**Problem statement**
Write out again only the lines between the one with "5th image of 301 S Lomita St" and the end of the records below, both ends counted, and don't include the pictures.

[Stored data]
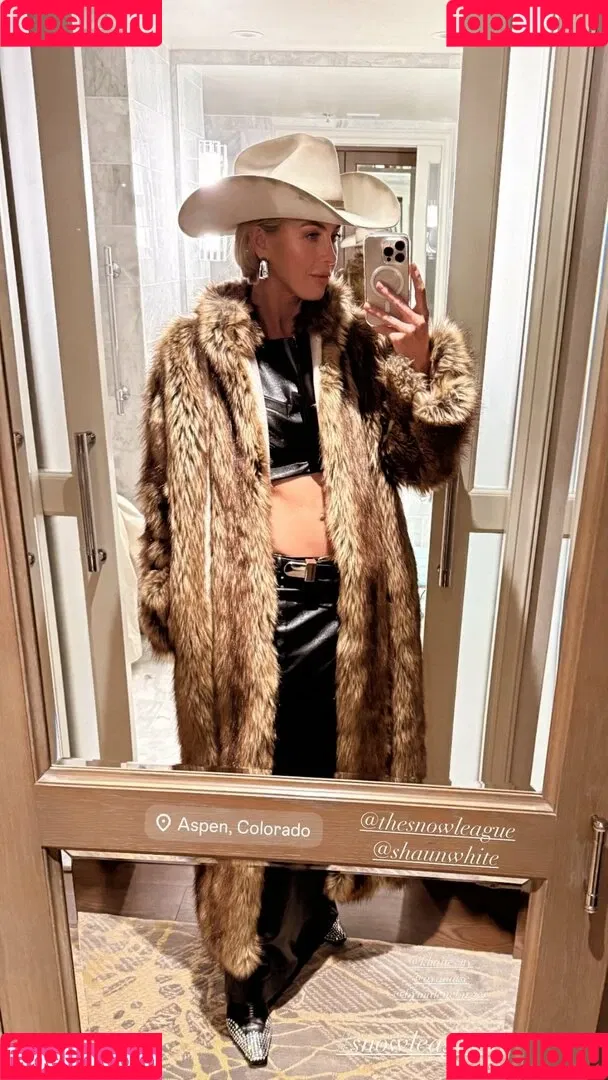 Julianne Hough / juleshough Onlyfans Photo Gallery 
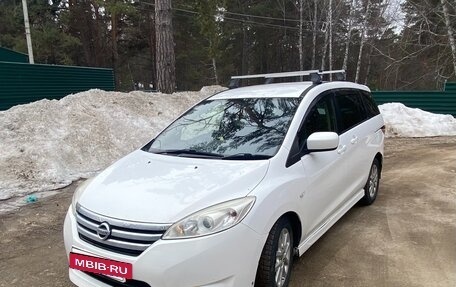 Nissan Lafesta II, 2011 год, 900 000 рублей, 2 фотография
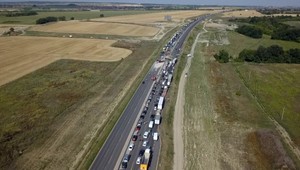 Vodičov od roku 2020 čaká ďalšia povinnosť. Pri mimoriadnej situácií budú musieť na diaľnici jazdiť inak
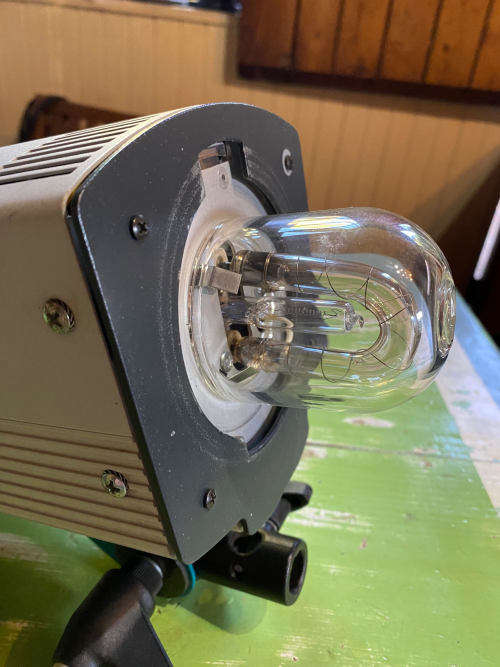 Visatec SOLO 1600 B Monolight with lamp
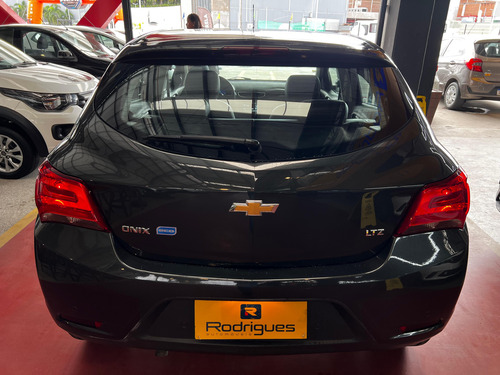 Chevrolet Onix 1.4 MPFI LTZ 8V FLEX 4P AUTOMÁTICO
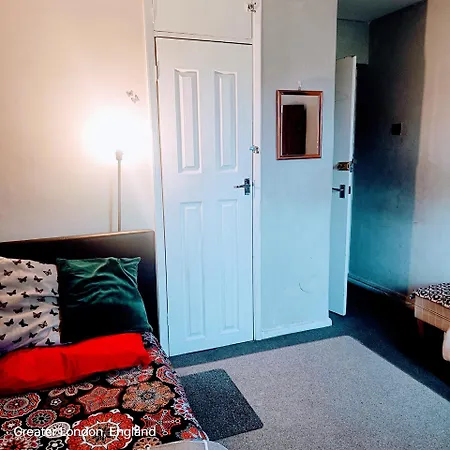 Cosy Private In Hornchurch, London With Free Parking *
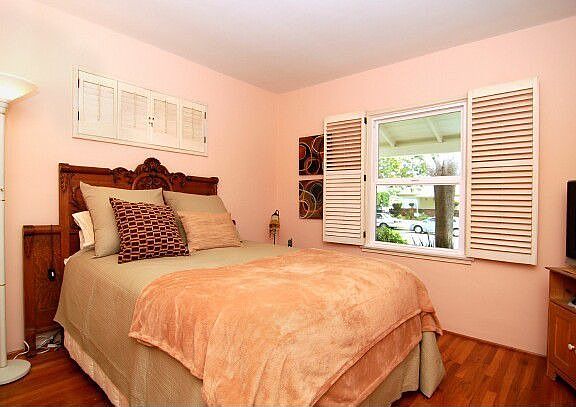 5th image of 301 S Lomita St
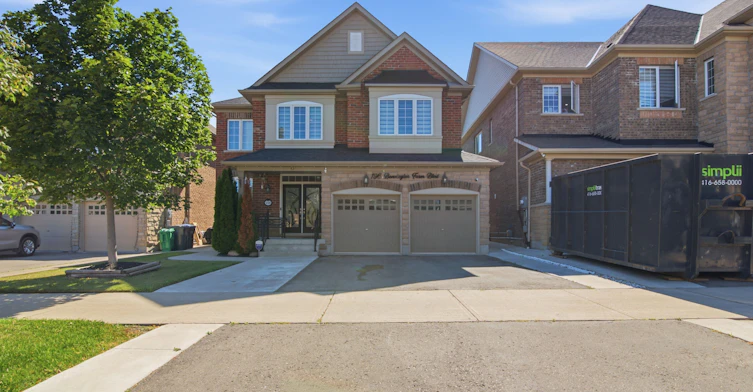 196 Bonnieglen Farm Boulevard, Caledon, ON, L7C 4C1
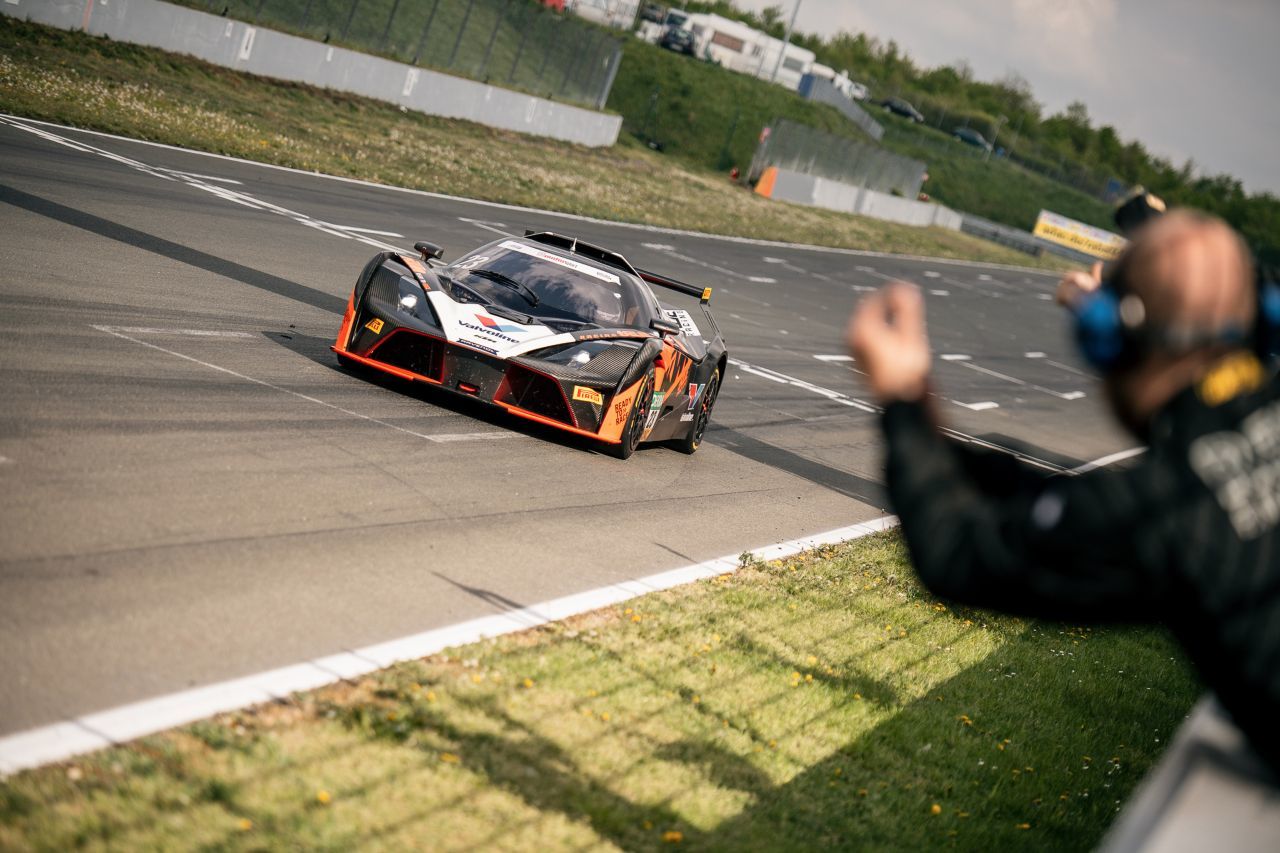 Großer Triumph: Beim Rennen zur GT4 Germany raste Laura (im Duo mit Reini Kofler) in Oschersleben als Siegerin durchs Ziel.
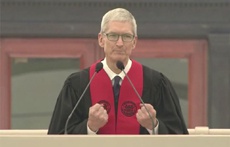 Тим Кук потроллил Windows на выступлении перед выпускниками MIT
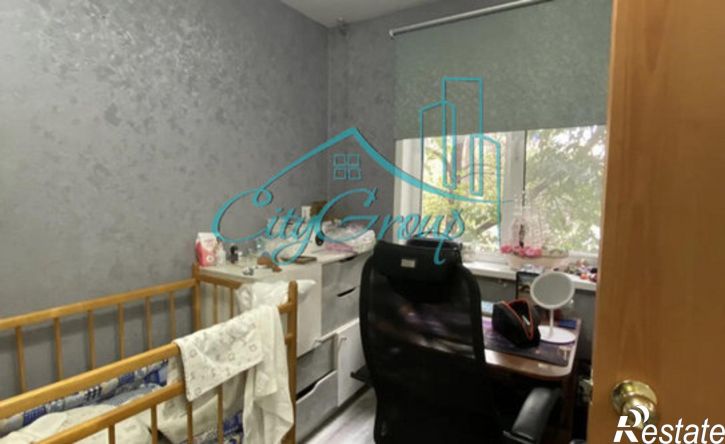 2-комн квартира ул Короленко, 33,  д. 33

**Reply to the task**
 5th image of 301 S Lomita St
 196 Bonnieglen Farm Boulevard, Caledon, ON, L7C 4C1
 Großer Triumph: Beim Rennen zur GT4 Germany raste Laura (im Duo mit Reini Kofler) in Oschersleben als Siegerin durchs Ziel.
 Тим Кук потроллил Windows на выступлении перед выпускниками MIT
 2-комн квартира ул Короленко, 33,  д. 33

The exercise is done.